Geometrics is one American company that produces quantum magnetometers, which it says can already provide detection capabilities for the defense of a harbor area. Israel Aerospace Industries is also working on quantum magnetometers.
An increasing number of IDF land vehicles operate using networked and artificial intelligence technologies for everything from navigation to targeting, and publicly available sources indicate that militaries using such technologies could be vulnerable to certain kinds of classical jamming absent an upgrade to quantum sensors.
classical jamming technology works on classical detection technology is to create noise, spoofing and to mimic enemy units with a large volume of false positives that loses the real targets in the malaise.

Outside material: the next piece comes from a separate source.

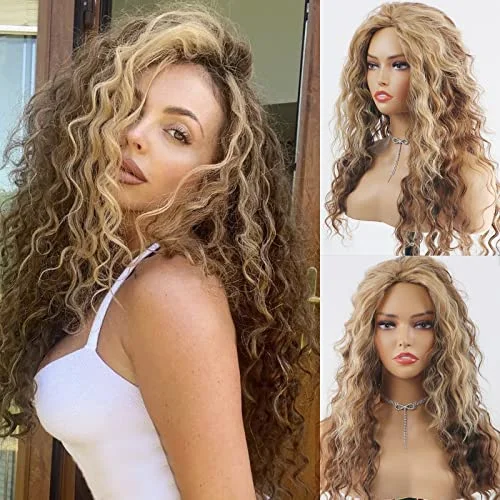 Curly wig with a wavy fringe for a soft and feminine lookCurly blonde brown reverse ombre wig
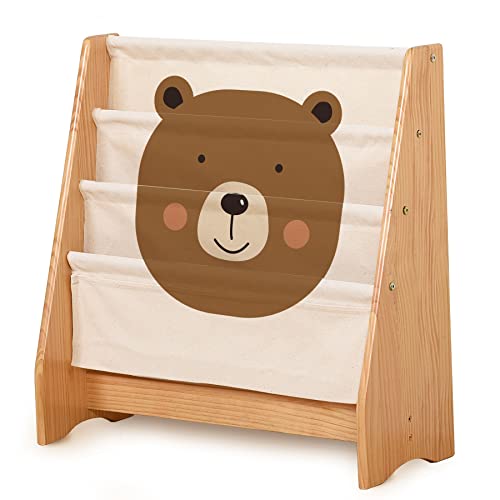 KRAND Kids Sling Bookshelf for Toddler Boys and Girls Book Rack Storage Baby Bookcase Organizer,Features Animial Printed Canvas Sleeves&Solid Wood Structure (Natural/Bear)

But quantum sensors operate at such a deeper level of accuracy – editing out the noise and spoofing arising from such jamming issues – that they can pierce the veil of false positives and hone in on the true target.
This means that quantum sensors would allow uninterrupted attacks and movements by IDF or other Western military forces.
Rafael is working on a quantum gravimeter with the Weizmann Institute of Science.
“Rafael has two quantum groups,” Ran said. “One is more of a physical state group that takes academic knowledge into making technological demonstrations. This is what we do. There is another group, more of an engineering technology [group] to demonstrate an actual product.”